__Exercise goal__. The lines to be extracted begin at the line containing "Evanston Avenue N" and end at the last line of the data below; copy them exactly and leave out the pictures.
** Data segment follows **
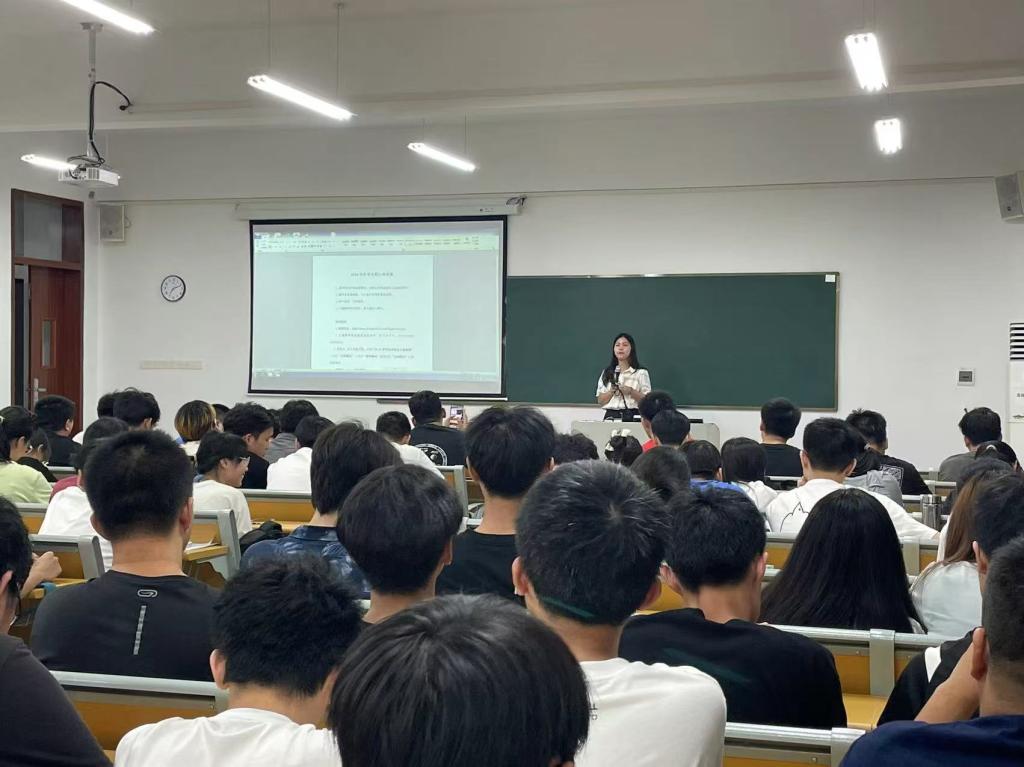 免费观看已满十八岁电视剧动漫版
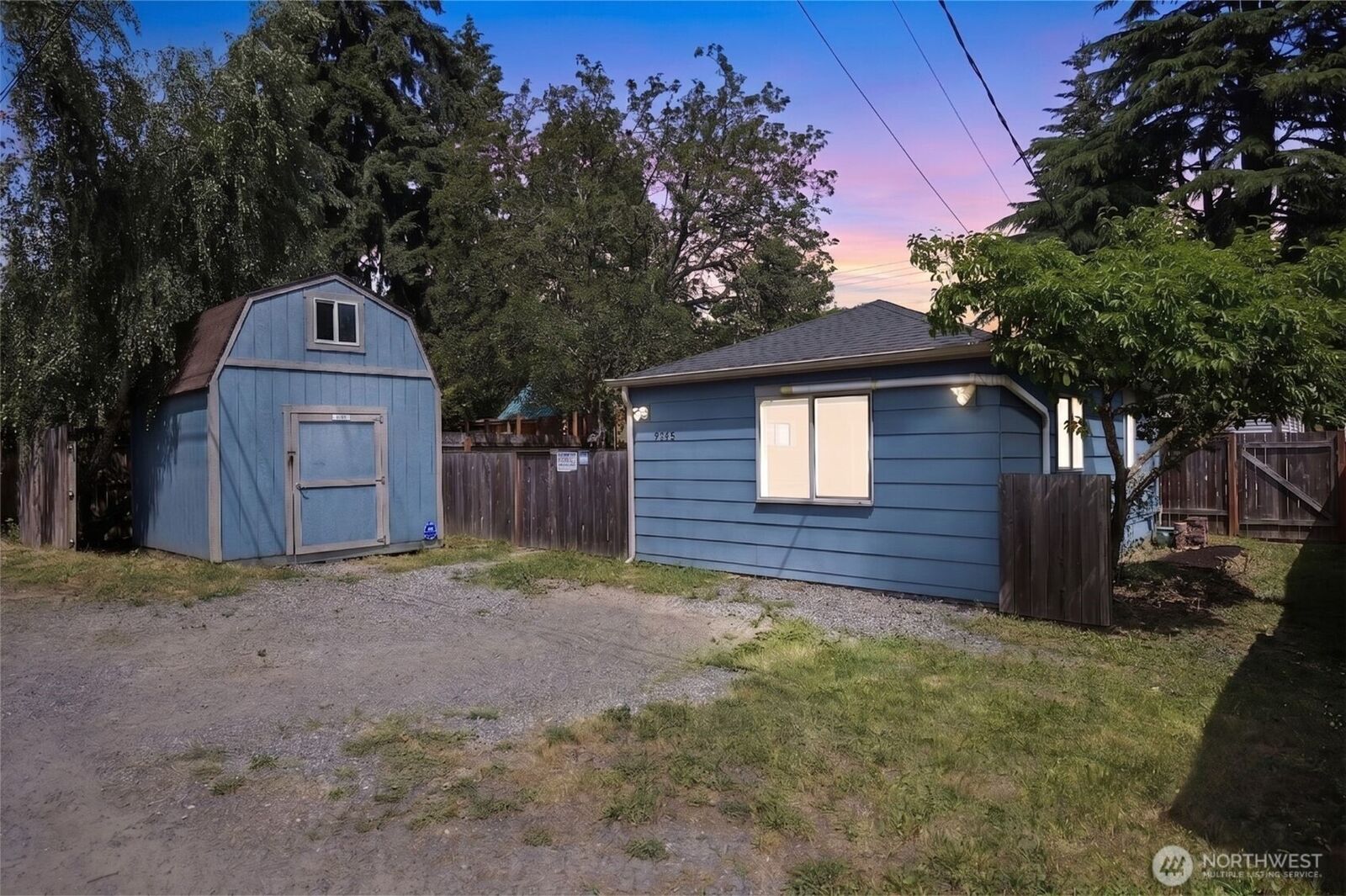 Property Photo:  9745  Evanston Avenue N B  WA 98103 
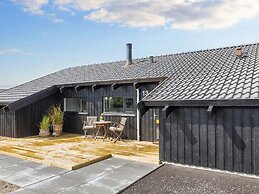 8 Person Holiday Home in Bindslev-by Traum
** End of Data segment **
__Result below__.
 Property Photo:  9745  Evanston Avenue N B  WA 98103 
 8 Person Holiday Home in Bindslev-by Traum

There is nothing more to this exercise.